# Web based Bittorrent client?

## pbean

Recently I installed sabnzbd and I really like the web based interface of this binary usenet client. I've been trying to get a similar application for Bittorrent, but as of yet have not really found one. I'm looking for one to run on my headless play server, so GUI clients like Deluge which have a web based option are not really an option.

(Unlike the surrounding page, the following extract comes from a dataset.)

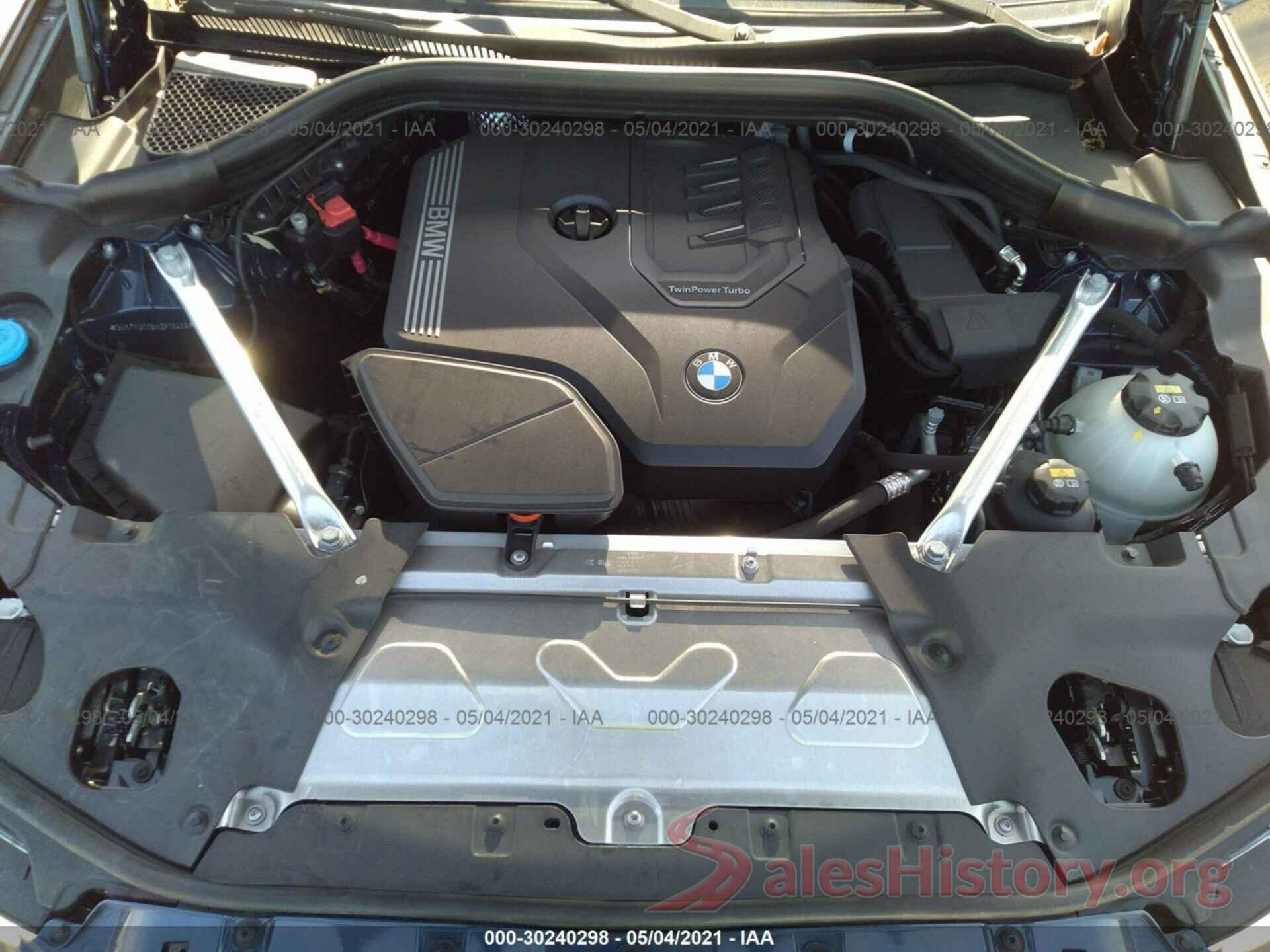 5UXTY3C06M9F18409 2021 BMW X3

Any ideas for some nice ones I could try out?  :Smile: 

----------

## avx

rtorrent + one of it's frontends(even more to find via G)?

----------

## Aquiles

Ktorrent has a plugin that will enable control of the client from a web interface. I use it to add torrents and check how the existing ones are going from work. It is rather simple, though, in the sense that you cannot control most of the parameters that you can control from the standard gui.

----------

## gerry

I'm running torrentflux-b4rt

Pretty neat..

----------

## szczerb

Deluge

----------

## pdr

I'm running rtorrent with wtorrent+lighttpd as the web interface. I don't use the web interface to add torrents - I ssh into the box and manually wget it into my torrents directory. Is set up so that if I drop files into ~/torrents/ they auto start and my max upload rate is 50KB/s (my connection allows about 60KB/s upload). When it is done the download is moved into ~/downloads/ automatically. And when I have shared 2x (reasonable exponential growth) it kills the torrent and deletes it from ~/torrents/

Works great for me.

----------